==== Material supplied ====
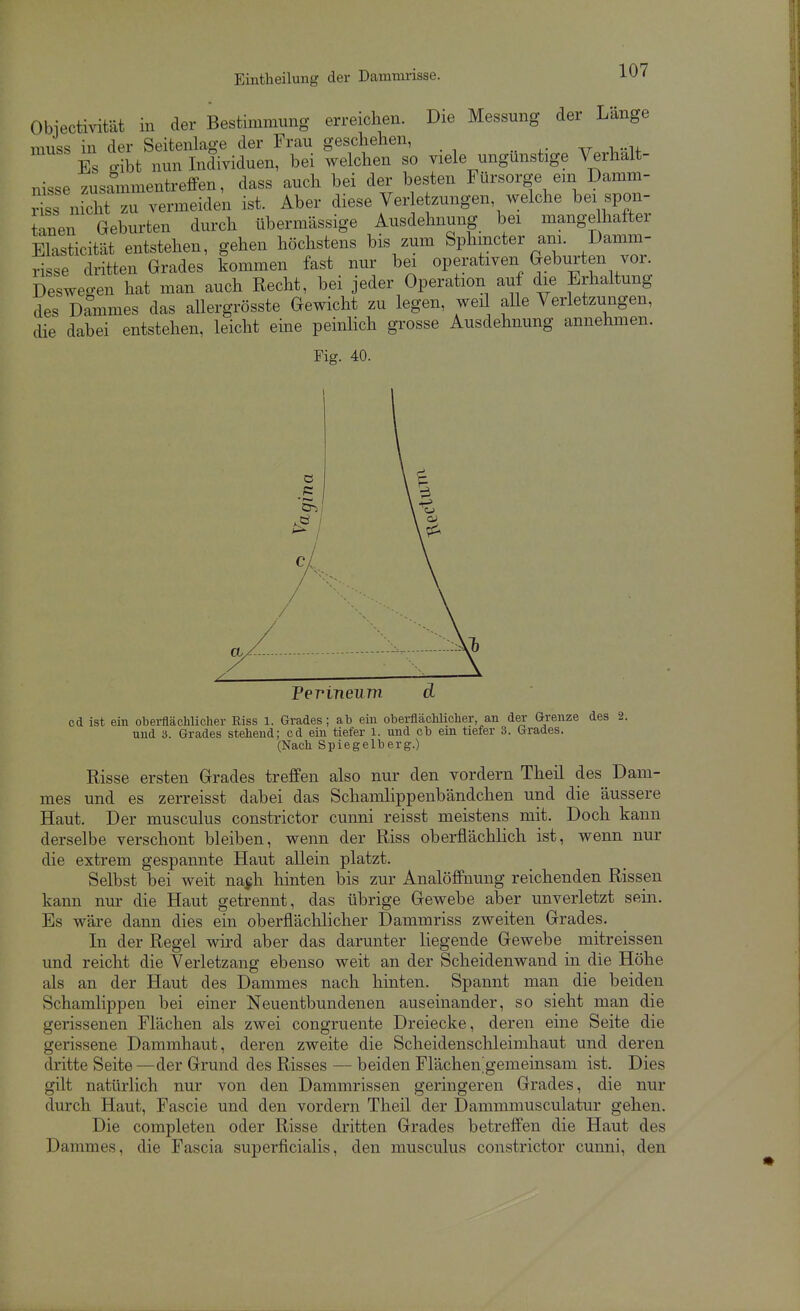 Eintheilung der Damim-isse. Obiectmtät in der Bestimmung erreichen. Die Messung der Länge muss in der Seitenlage der Frau geschehen, Es gibt nun Individuen, bei welchen so viele ungunstige Verhalt- nisse zusammentreffen, dass auch bei der besten Fürsorge em Damm- rSs nidiTzu vermeiden ist. Aber diese Verletzungen, welche bei spon- tanen Geburten durch übermässige Ausdehnung bei mangehafter Elasticität entstehen, gehen höchstens bis zum Sphmcter am. Damm- risse dritten Grades kommen fast nur bei operativen Geburten vor. Deswegen hat man auch Recht, bei jeder Operation auf die Erhaltung des Dammes das allergrösste Gewicht zu legen, wei alle Verletzungen, die dabei entstehen, leicht eine peinKch grosse Ausdehnung annehmen. Fig. 40. cd ist ein oberflächlicher Riss 1. Grades; ah ein oberflächlicher, an der Grenze des 2. und 3. Grades stehend; cd ein tiefer l. und cb ein tiefer 3. Grades. (Nach Spiegelberg.) Risse ersten Grades treffen also nur den vordem Theil des Dam- mes und es zerreisst dabei das Schamlippenbändchen und die äussere Haut. Der musculus constrictor cunni reisst meistens mit. Doch kann derselbe verschont bleiben, wenn der Riss oberflächlich ist, wenn nur die extrem gespannte Haut allein platzt. Selbst bei weit na^h hinten bis zur Analöffnung reichenden Rissen kann nur die Haut getrennt, das übrige Gewebe aber unverletzt sein. Es wäre dann dies ein oberflächlicher Dammriss zweiten Grades. In der Regel wii-d aber das darunter liegende Gewebe mitreissen und reicht die Verletzang ebenso weit an der Scheidenwand in die Höhe als an der Haut des Dammes nach hinten. Spannt man die beiden Schamlippen bei einer Neuentbundenen auseinander, so sieht man die gerissenen Flächen als zwei congruente Dreiecke, deren eine Seite die gerissene Dammhaut, deren zweite die Scheidenschleimhaut und deren dritte Seite —der Grund des Risses — beiden Flächengemeinsam ist. Dies gilt natürlich nur von den Dammrissen geringeren Grades, die nur durch Haut, Fascie und den vordem Theil der Dammmusculatur gehen. Die completen oder Risse dritten Grades betreffen die Haut des Dammes, die Fascia superficialis, den musculus constrictor cunni, den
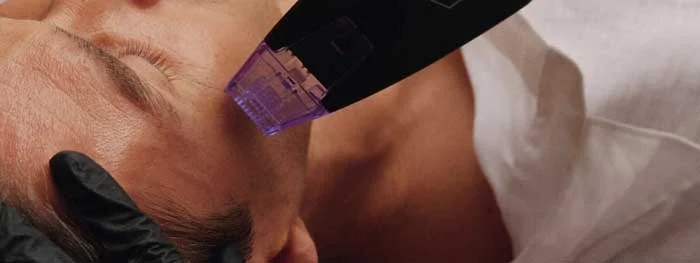 lifting peau visage morpheus8 tunisie pas cher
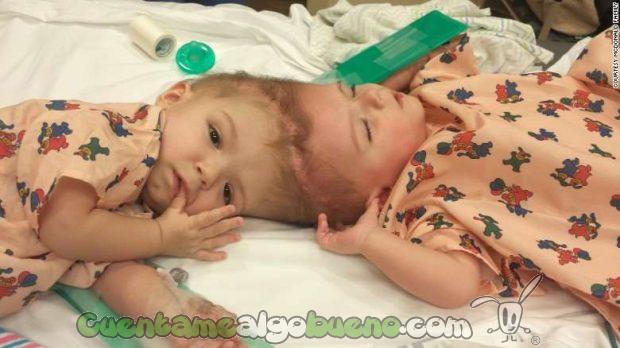 20161017-2-separan-gemelos-siameses-unidos-por-la-cabeza-01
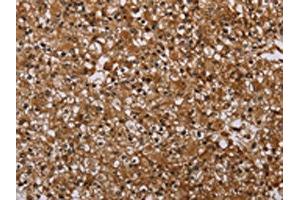 The image on the left is immunohistochemistry of paraffin-embedded Human prostate cancer tissue using ABIN7191451(MFF Antibody) at dilution 1/25, on the right is treated with synthetic peptide. (MFF 抗体)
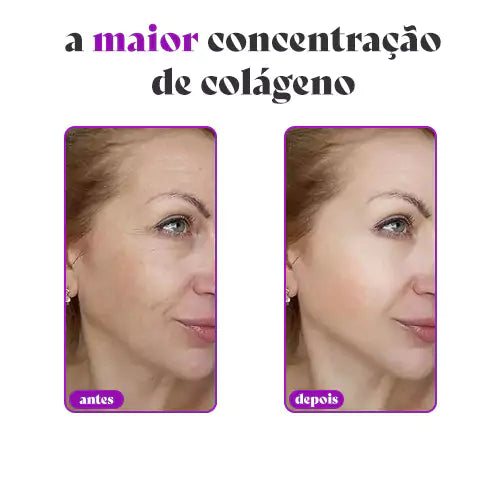 CollagenBoost - Máscara rejuvenescedora de Colágeno com Ácido Hialurônico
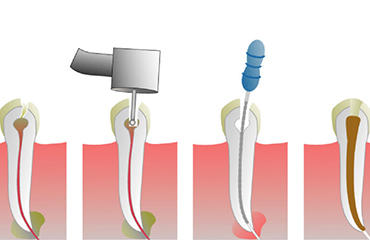 Dental Blush root_canal-770x500 Get your smile back with Root Canal Treatment Dental  root canals Root Canal Treatment in Miami Root Canal Treatment 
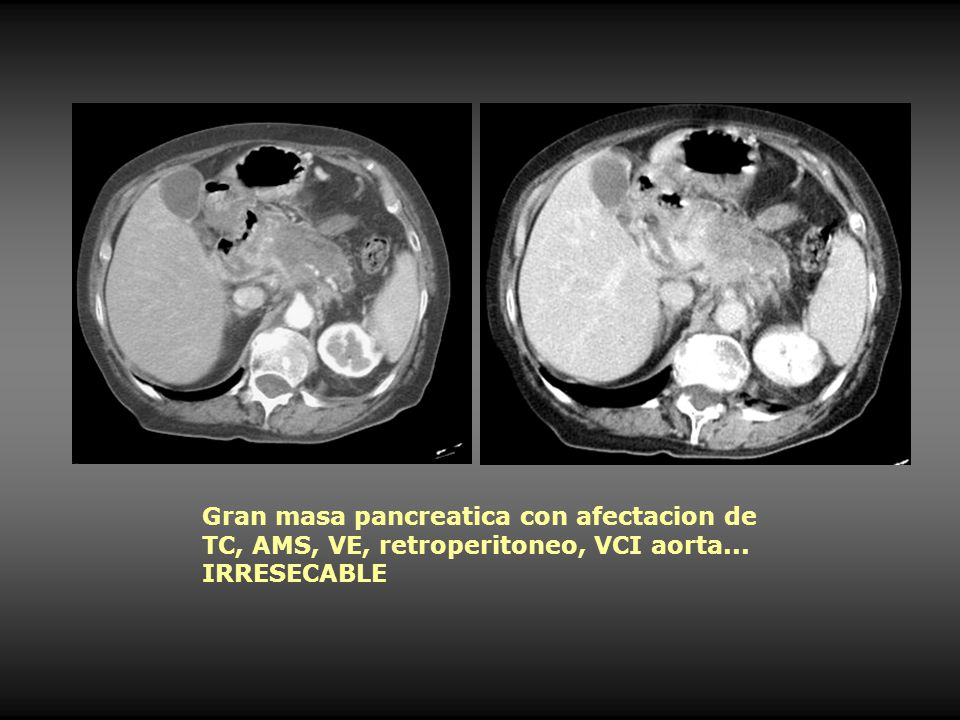 Gran masa pancreatica con afectacion de TC, AMS, VE, retroperitoneo, VCI aorta... IRRESECABLE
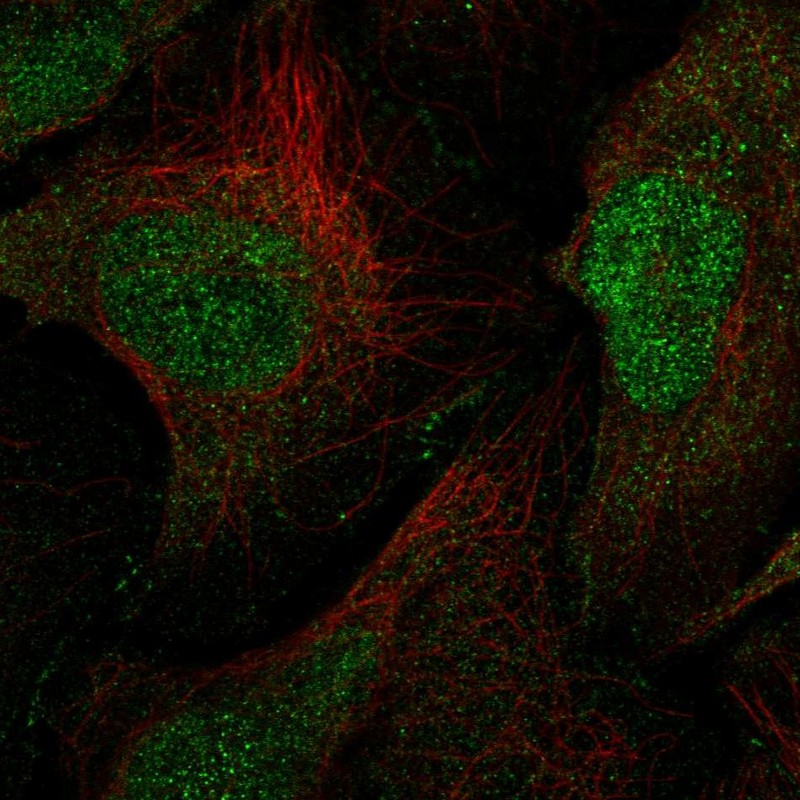 Atlas Antibodies Anti-MAGI1 Antibody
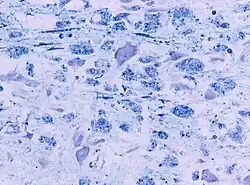 Pontine myelinolysis myelinophages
====
§ **Work item**: Write down all the entries exactly, but not the pictures they hold.

§ **Task result**:
 Eintheilung der Damim-isse. Obiectmtät in der Bestimmung erreichen. Die Messung der Länge muss in der Seitenlage der Frau geschehen, Es gibt nun Individuen, bei welchen so viele ungunstige Verhalt- nisse zusammentreffen, dass auch bei der besten Fürsorge em Damm- rSs nidiTzu vermeiden ist. Aber diese Verletzungen, welche bei spon- tanen Geburten durch übermässige Ausdehnung bei mangehafter Elasticität entstehen, gehen höchstens bis zum Sphmcter am. Damm- risse dritten Grades kommen fast nur bei operativen Geburten vor. Deswegen hat man auch Recht, bei jeder Operation auf die Erhaltung des Dammes das allergrösste Gewicht zu legen, wei alle Verletzungen, die dabei entstehen, leicht eine peinKch grosse Ausdehnung annehmen. Fig. 40. cd ist ein oberflächlicher Riss 1. Grades; ah ein oberflächlicher, an der Grenze des 2. und 3. Grades stehend; cd ein tiefer l. und cb ein tiefer 3. Grades. (Nach Spiegelberg.) Risse ersten Grades treffen also nur den vordem Theil des Dam- mes und es zerreisst dabei das Schamlippenbändchen und die äussere Haut. Der musculus constrictor cunni reisst meistens mit. Doch kann derselbe verschont bleiben, wenn der Riss oberflächlich ist, wenn nur die extrem gespannte Haut allein platzt. Selbst bei weit na^h hinten bis zur Analöffnung reichenden Rissen kann nur die Haut getrennt, das übrige Gewebe aber unverletzt sein. Es wäre dann dies ein oberflächlicher Dammriss zweiten Grades. In der Regel wii-d aber das darunter liegende Gewebe mitreissen und reicht die Verletzang ebenso weit an der Scheidenwand in die Höhe als an der Haut des Dammes nach hinten. Spannt man die beiden Schamlippen bei einer Neuentbundenen auseinander, so sieht man die gerissenen Flächen als zwei congruente Dreiecke, deren eine Seite die gerissene Dammhaut, deren zweite die Scheidenschleimhaut und deren dritte Seite —der Grund des Risses — beiden Flächengemeinsam ist. Dies gilt natürlich nur von den Dammrissen geringeren Grades, die nur durch Haut, Fascie und den vordem Theil der Dammmusculatur gehen. Die completen oder Risse dritten Grades betreffen die Haut des Dammes, die Fascia superficialis, den musculus constrictor cunni, den
 lifting peau visage morpheus8 tunisie pas cher
 20161017-2-separan-gemelos-siameses-unidos-por-la-cabeza-01
 The image on the left is immunohistochemistry of paraffin-embedded Human prostate cancer tissue using ABIN7191451(MFF Antibody) at dilution 1/25, on the right is treated with synthetic peptide. (MFF 抗体)
 CollagenBoost - Máscara rejuvenescedora de Colágeno com Ácido Hialurônico
 Dental Blush root_canal-770x500 Get your smile back with Root Canal Treatment Dental  root canals Root Canal Treatment in Miami Root Canal Treatment 
 Gran masa pancreatica con afectacion de TC, AMS, VE, retroperitoneo, VCI aorta... IRRESECABLE
 Atlas Antibodies Anti-MAGI1 Antibody
 Pontine myelinolysis myelinophages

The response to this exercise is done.